▶ **STORED DATA**
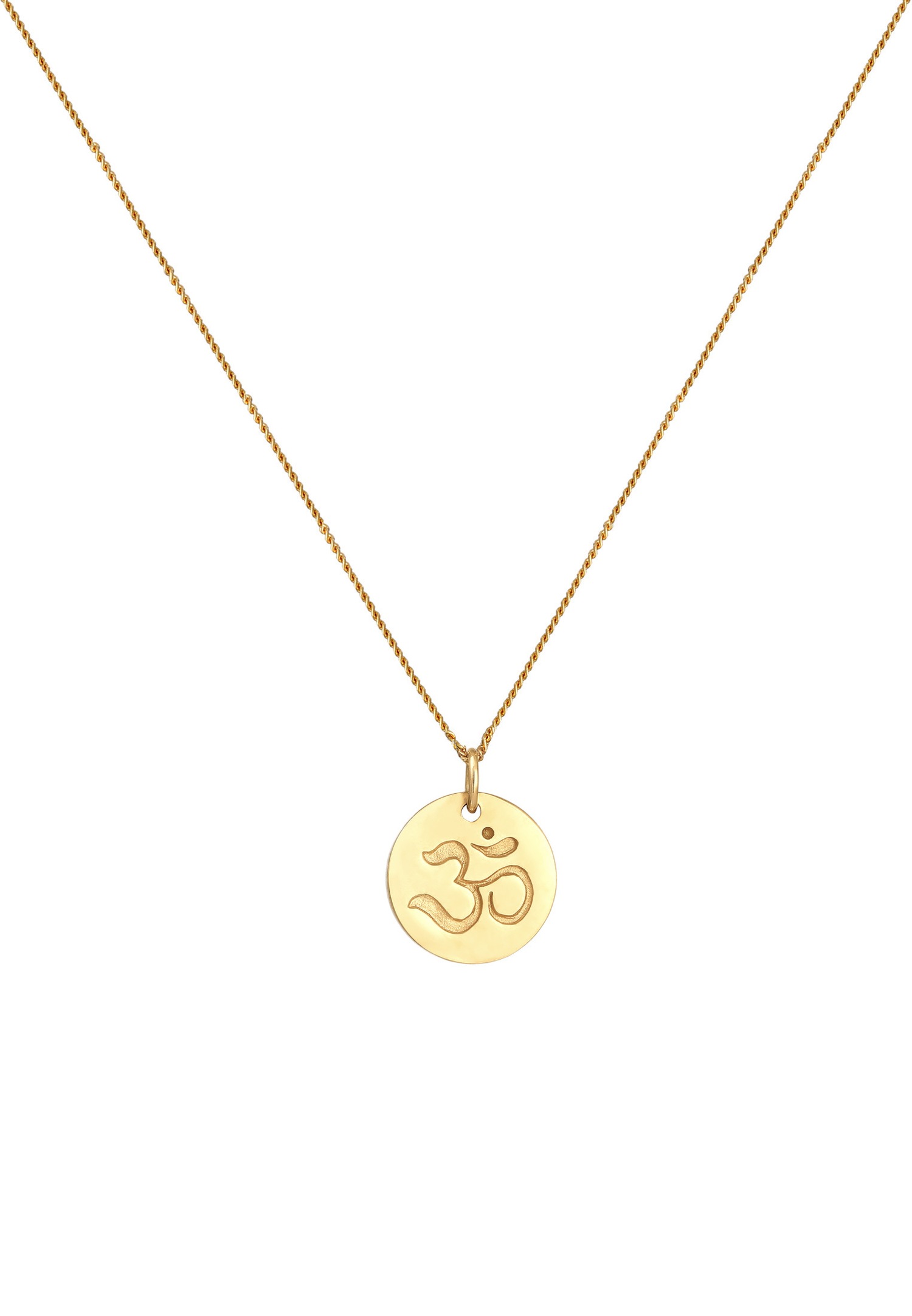 Elli Pendentif femme plaquette symbole mantra en argent massif 925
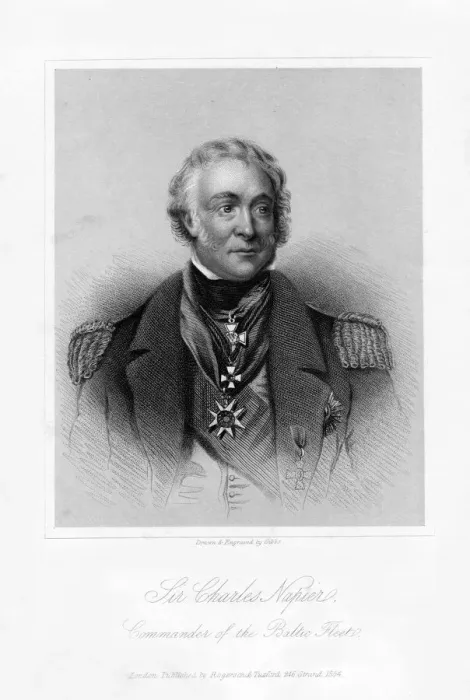 Framed Print : Admiral Sir Charles Napier, Commander of the Baltic Fleet, 1854. Artist: Gibbs Framed Print : Admiral Sir Charles Napier, Commander of the Baltic Fleet, 1854. Artist: Gibbs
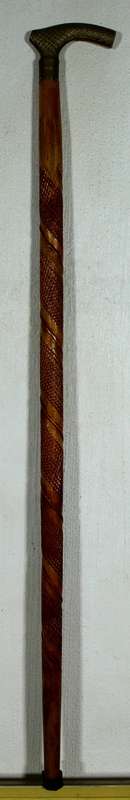 Brass topped wooden cane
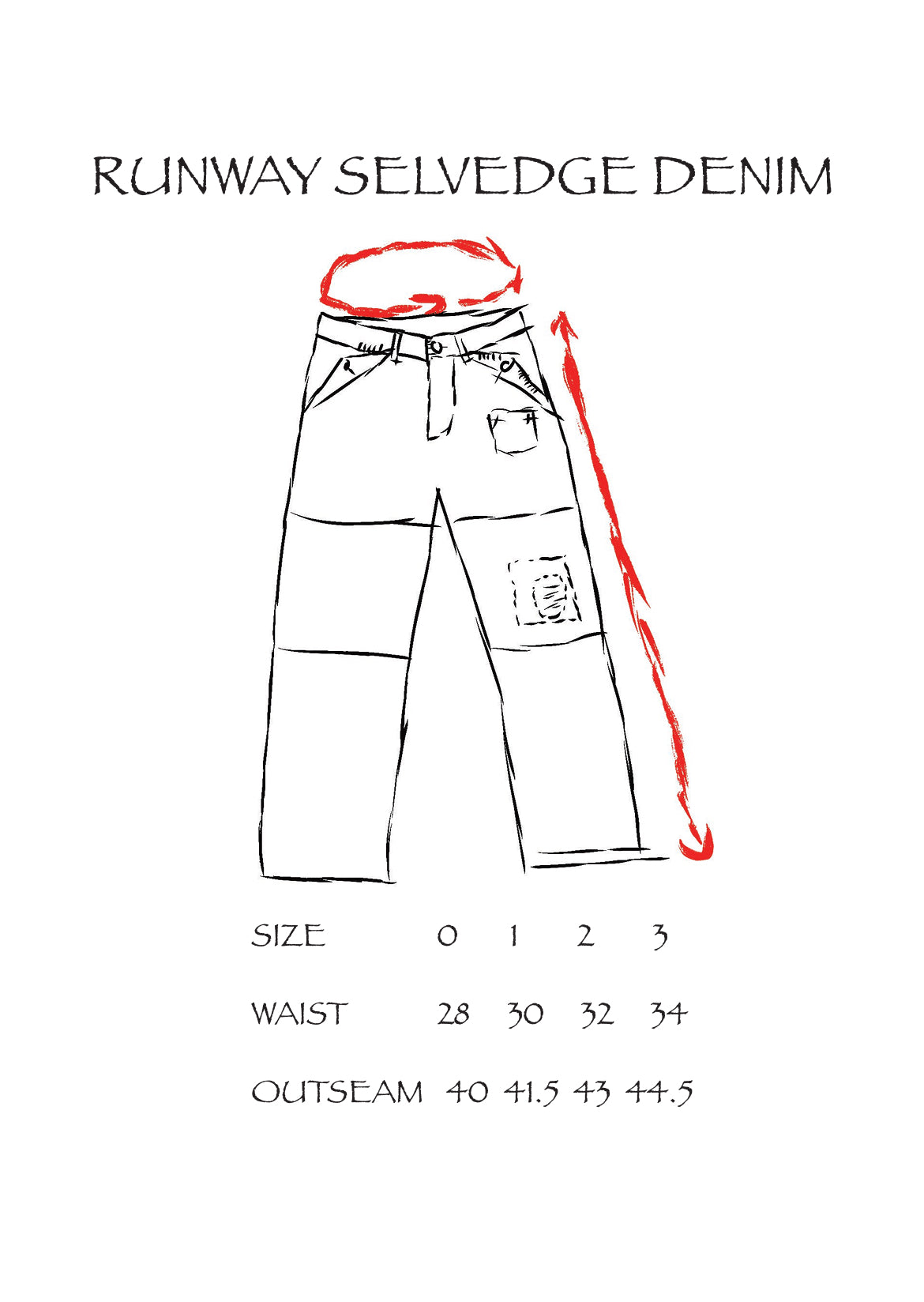 RUNWAY SELVEDGE DENIM [BLUE SS26]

▶ **PROBLEM STATEMENT**
Repeat every line above exactly, but omit all images.

▶ **RESPONSE FOR THIS EXERCISE**
 Elli Pendentif femme plaquette symbole mantra en argent massif 925
 Framed Print : Admiral Sir Charles Napier, Commander of the Baltic Fleet, 1854. Artist: Gibbs Framed Print : Admiral Sir Charles Napier, Commander of the Baltic Fleet, 1854. Artist: Gibbs
 Brass topped wooden cane
 RUNWAY SELVEDGE DENIM [BLUE SS26]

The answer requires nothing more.